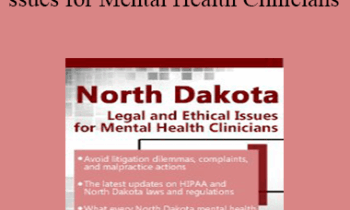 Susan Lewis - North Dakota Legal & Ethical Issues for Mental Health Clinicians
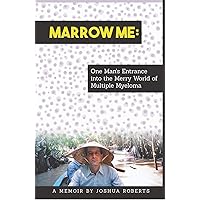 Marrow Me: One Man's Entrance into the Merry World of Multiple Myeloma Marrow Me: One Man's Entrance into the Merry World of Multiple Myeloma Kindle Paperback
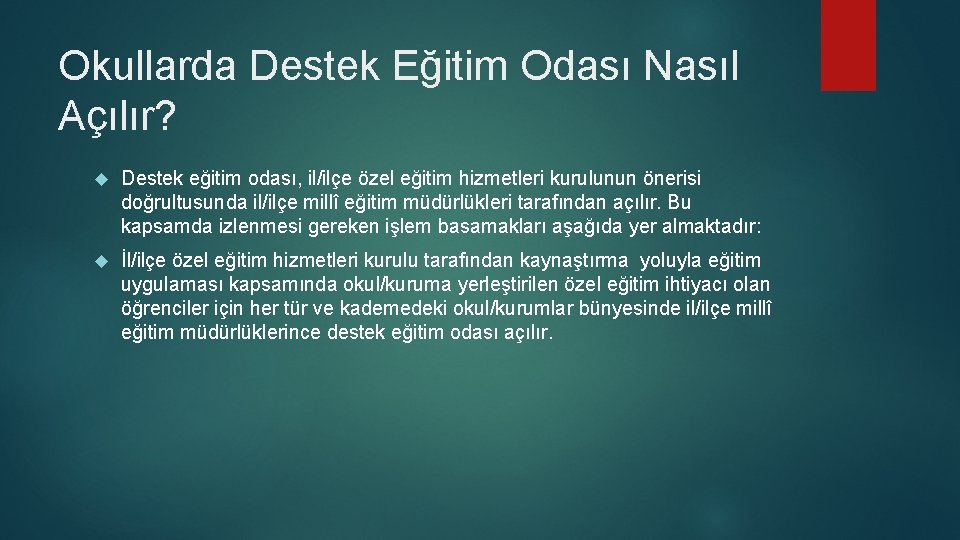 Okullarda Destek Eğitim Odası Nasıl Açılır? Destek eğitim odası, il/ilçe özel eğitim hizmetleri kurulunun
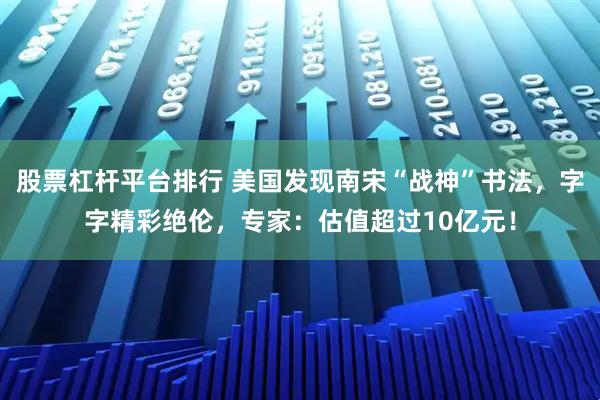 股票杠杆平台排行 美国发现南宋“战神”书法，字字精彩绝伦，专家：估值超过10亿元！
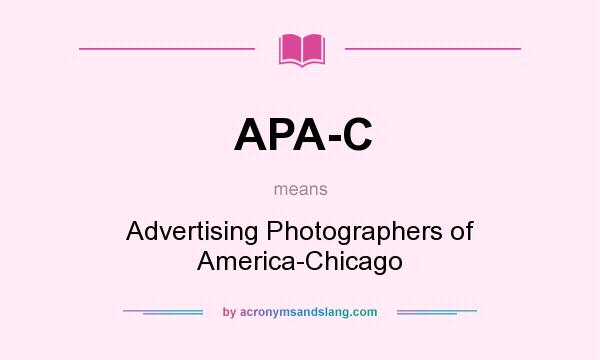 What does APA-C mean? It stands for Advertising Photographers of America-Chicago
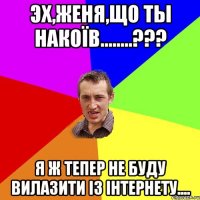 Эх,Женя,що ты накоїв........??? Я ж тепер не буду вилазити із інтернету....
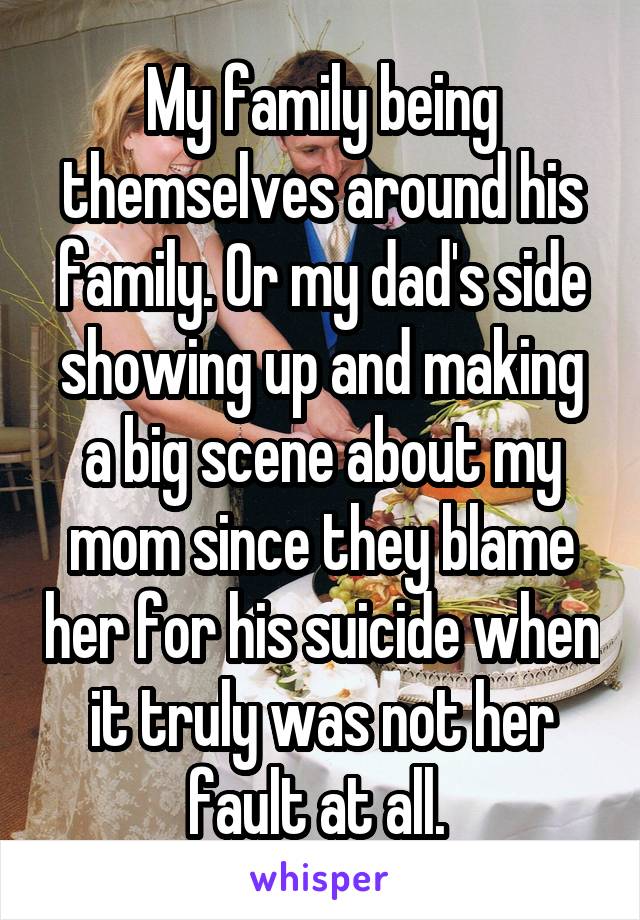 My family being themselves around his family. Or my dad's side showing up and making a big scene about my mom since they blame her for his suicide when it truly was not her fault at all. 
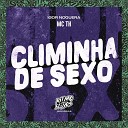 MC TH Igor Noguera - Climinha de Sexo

..............................

• _The problem_: Only the lines from the one with "My family being" to the end of the listing, both ends included, should be retyped exactly; no pictures belong in the copy.

• _Expected answer_:
 My family being themselves around his family. Or my dad's side showing up and making a big scene about my mom since they blame her for his suicide when it truly was not her fault at all. 
 MC TH Igor Noguera - Climinha de Sexo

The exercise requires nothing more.